DATA EXTRACT »
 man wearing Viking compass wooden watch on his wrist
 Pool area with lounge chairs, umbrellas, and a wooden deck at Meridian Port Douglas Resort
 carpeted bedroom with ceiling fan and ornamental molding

...

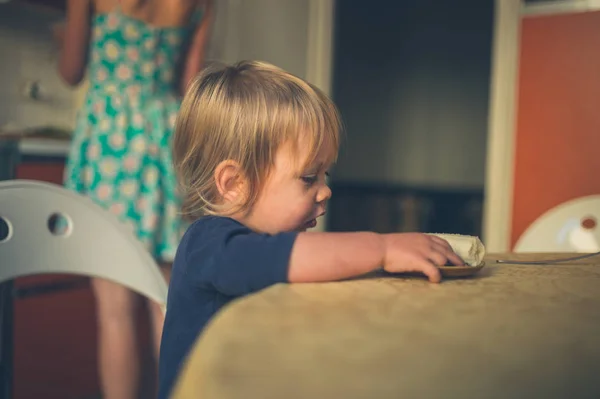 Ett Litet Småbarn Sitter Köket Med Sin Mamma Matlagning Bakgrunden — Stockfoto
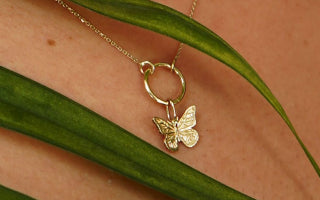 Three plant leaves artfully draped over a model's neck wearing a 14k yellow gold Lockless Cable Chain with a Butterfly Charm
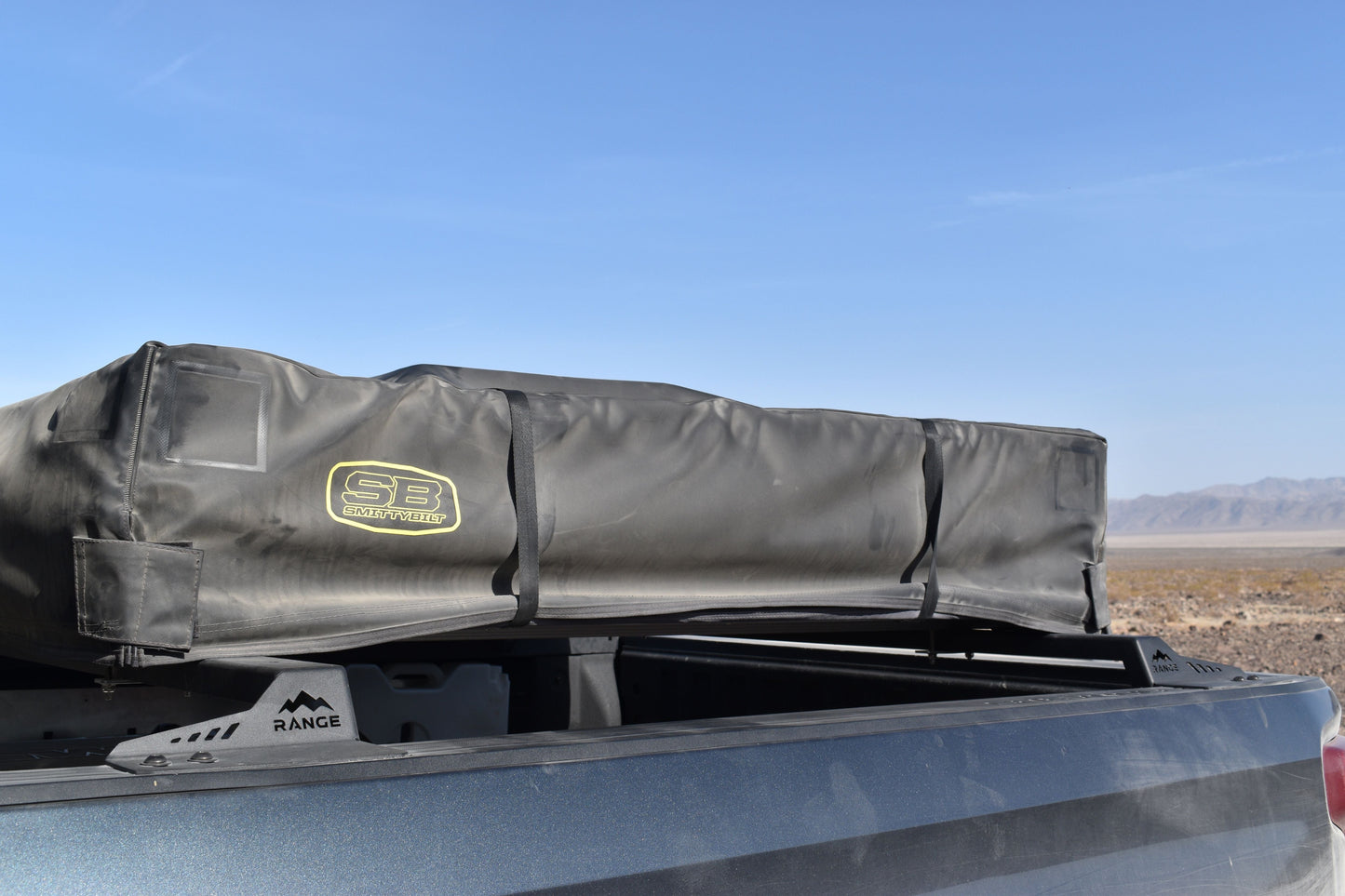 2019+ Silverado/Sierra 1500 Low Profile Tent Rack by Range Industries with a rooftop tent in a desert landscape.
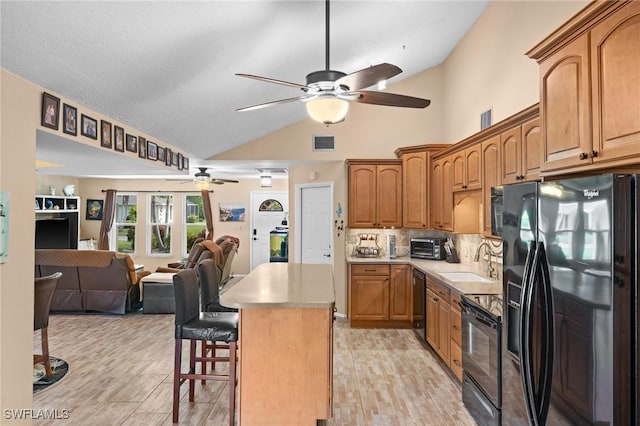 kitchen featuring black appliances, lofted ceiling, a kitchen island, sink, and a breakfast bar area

TASK ITEM »
Lines containing the word "wooden" must be found in the data above and copied.

PROBLEM SOLUTION »
 man wearing Viking compass wooden watch on his wrist
 Pool area with lounge chairs, umbrellas, and a wooden deck at Meridian Port Douglas Resort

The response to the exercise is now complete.